| TASK GOAL |
Copy every line of the data exactly, keeping out any picture.

| RECORDS FOR THIS EXERCISE |
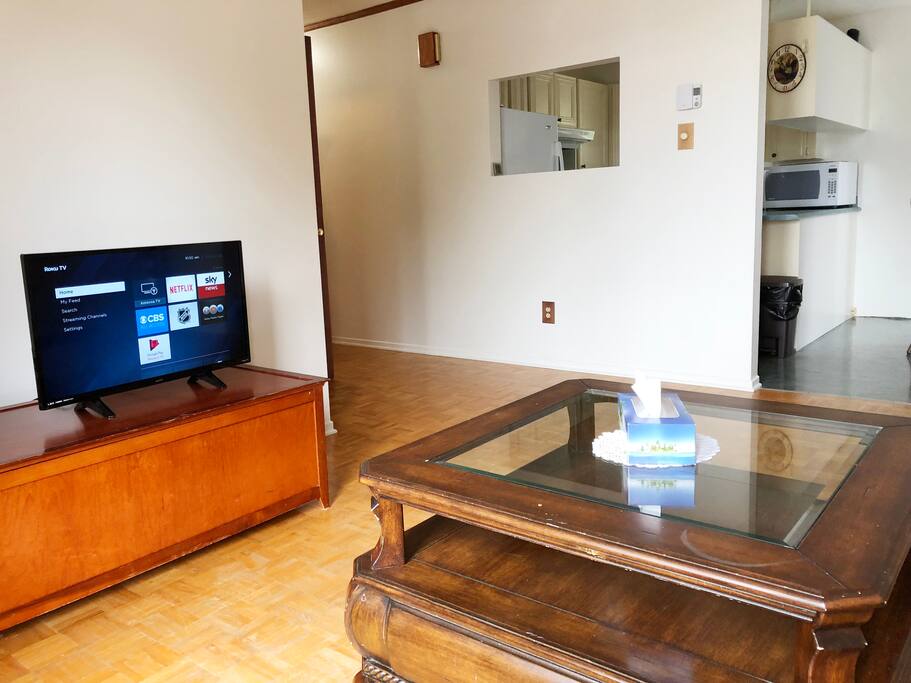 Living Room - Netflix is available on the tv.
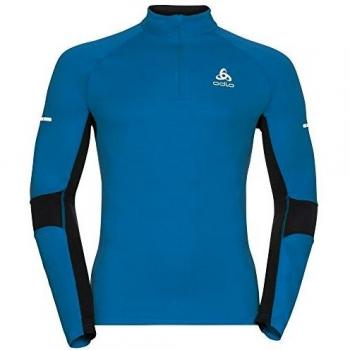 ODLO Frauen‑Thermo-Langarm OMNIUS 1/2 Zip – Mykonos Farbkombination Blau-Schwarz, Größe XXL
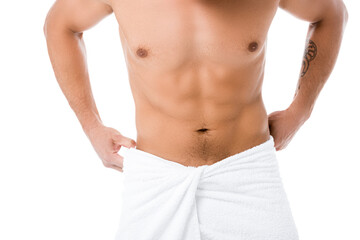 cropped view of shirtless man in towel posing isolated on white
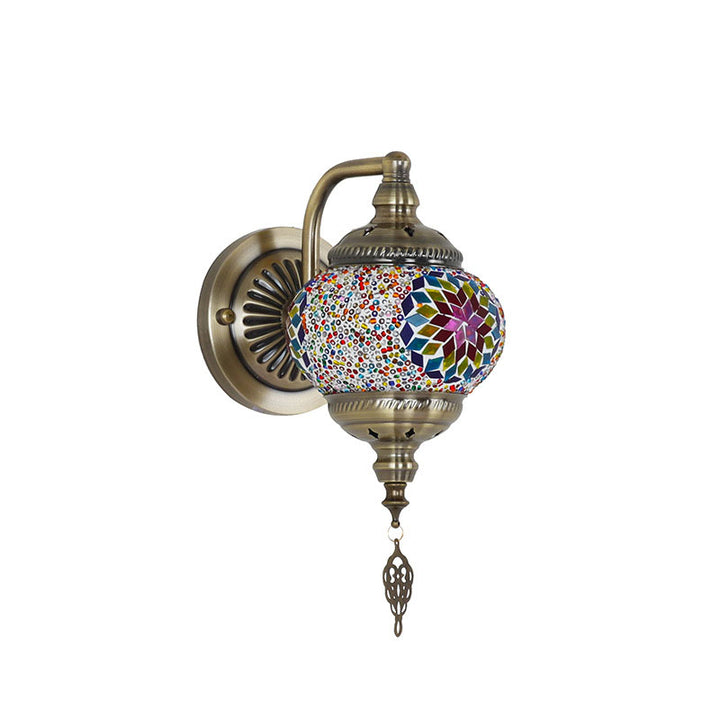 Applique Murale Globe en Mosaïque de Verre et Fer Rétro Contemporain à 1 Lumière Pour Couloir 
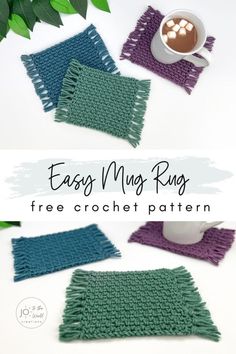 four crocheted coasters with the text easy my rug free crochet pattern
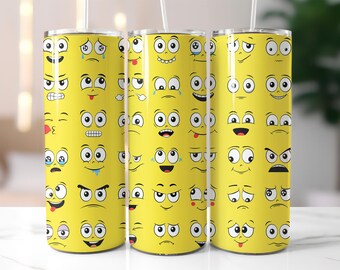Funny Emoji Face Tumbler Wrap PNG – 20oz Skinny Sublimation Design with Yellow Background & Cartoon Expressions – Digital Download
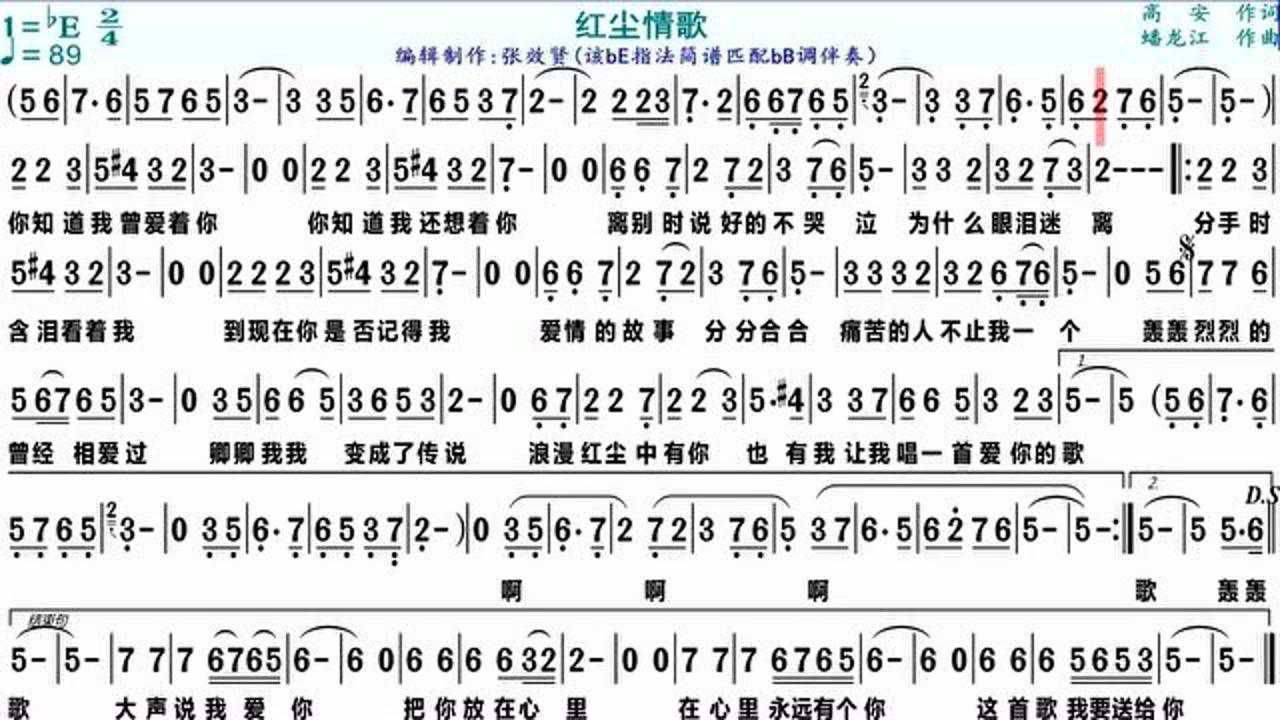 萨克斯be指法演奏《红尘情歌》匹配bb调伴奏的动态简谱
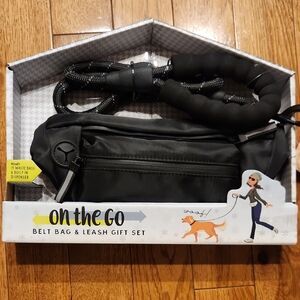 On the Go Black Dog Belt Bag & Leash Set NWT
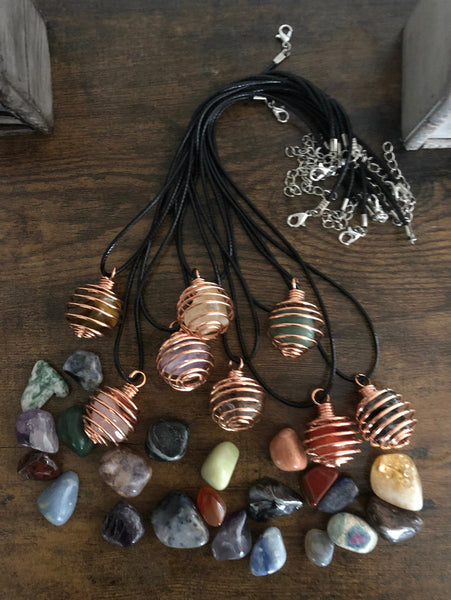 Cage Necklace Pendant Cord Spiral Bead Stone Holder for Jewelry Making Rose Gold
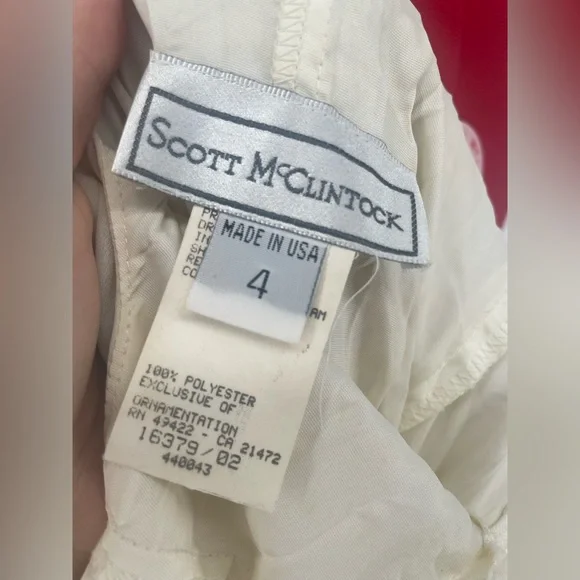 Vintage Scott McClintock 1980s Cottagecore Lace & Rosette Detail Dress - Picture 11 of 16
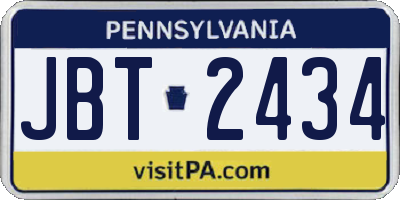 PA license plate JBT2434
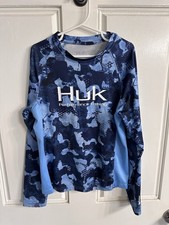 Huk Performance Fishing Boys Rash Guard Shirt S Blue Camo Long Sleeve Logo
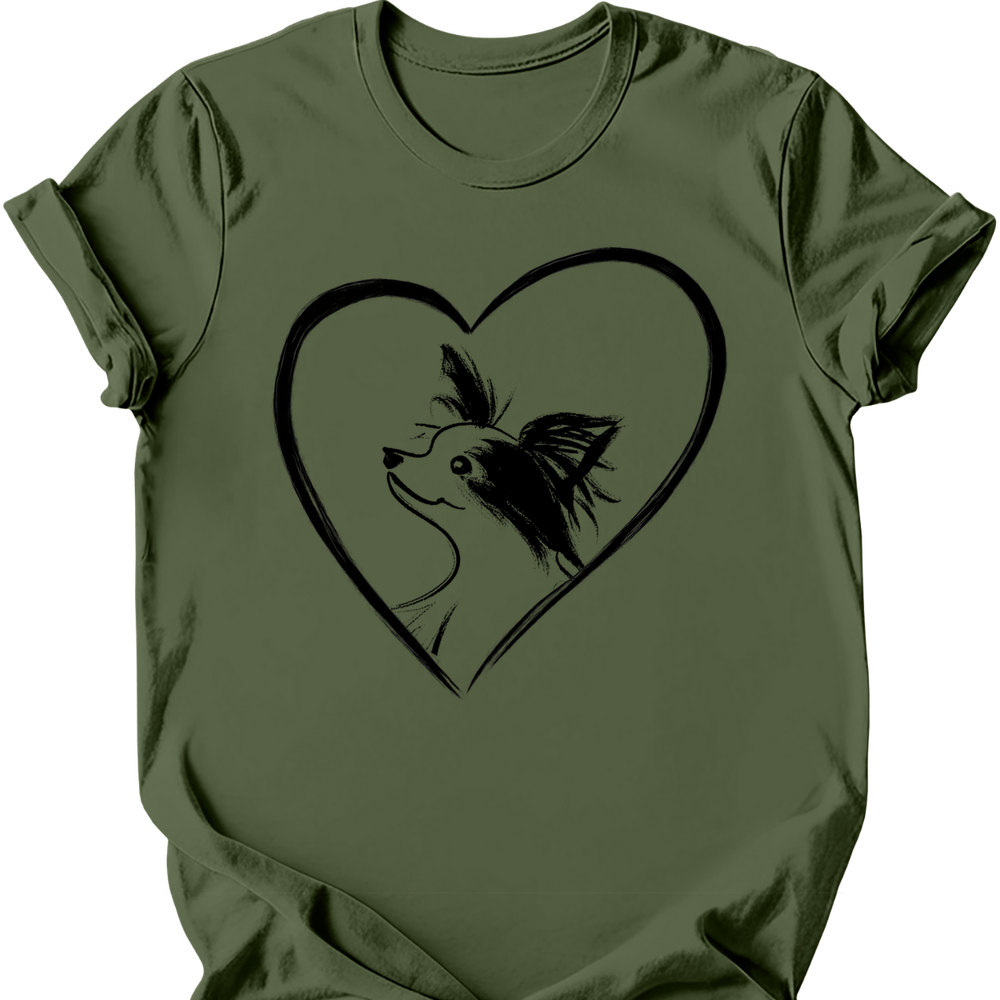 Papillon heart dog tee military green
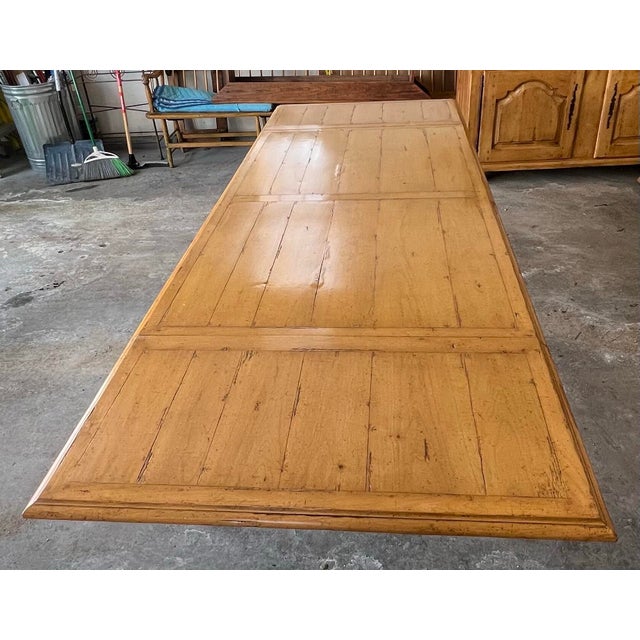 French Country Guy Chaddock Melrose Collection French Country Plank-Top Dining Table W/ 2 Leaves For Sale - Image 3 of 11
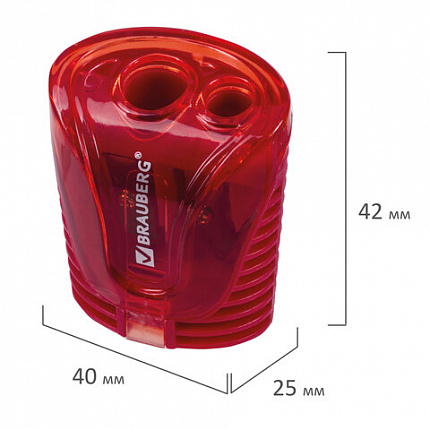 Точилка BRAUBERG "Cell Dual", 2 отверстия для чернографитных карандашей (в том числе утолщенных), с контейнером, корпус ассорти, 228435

| TASK RESULT |
 Living Room - Netflix is available on the tv.
 ODLO Frauen‑Thermo-Langarm OMNIUS 1/2 Zip – Mykonos Farbkombination Blau-Schwarz, Größe XXL
 cropped view of shirtless man in towel posing isolated on white
 Applique Murale Globe en Mosaïque de Verre et Fer Rétro Contemporain à 1 Lumière Pour Couloir 
 four crocheted coasters with the text easy my rug free crochet pattern
Funny Emoji Face Tumbler Wrap PNG – 20oz Skinny Sublimation Design with Yellow Background & Cartoon Expressions – Digital Download
 萨克斯be指法演奏《红尘情歌》匹配bb调伴奏的动态简谱
 On the Go Black Dog Belt Bag & Leash Set NWT
 Cage Necklace Pendant Cord Spiral Bead Stone Holder for Jewelry Making Rose Gold
 Vintage Scott McClintock 1980s Cottagecore Lace & Rosette Detail Dress - Picture 11 of 16
 PA license plate JBT2434
 Huk Performance Fishing Boys Rash Guard Shirt S Blue Camo Long Sleeve Logo
 Papillon heart dog tee military green
 French Country Guy Chaddock Melrose Collection French Country Plank-Top Dining Table W/ 2 Leaves For Sale - Image 3 of 11
 Точилка BRAUBERG "Cell Dual", 2 отверстия для чернографитных карандашей (в том числе утолщенных), с контейнером, корпус ассорти, 228435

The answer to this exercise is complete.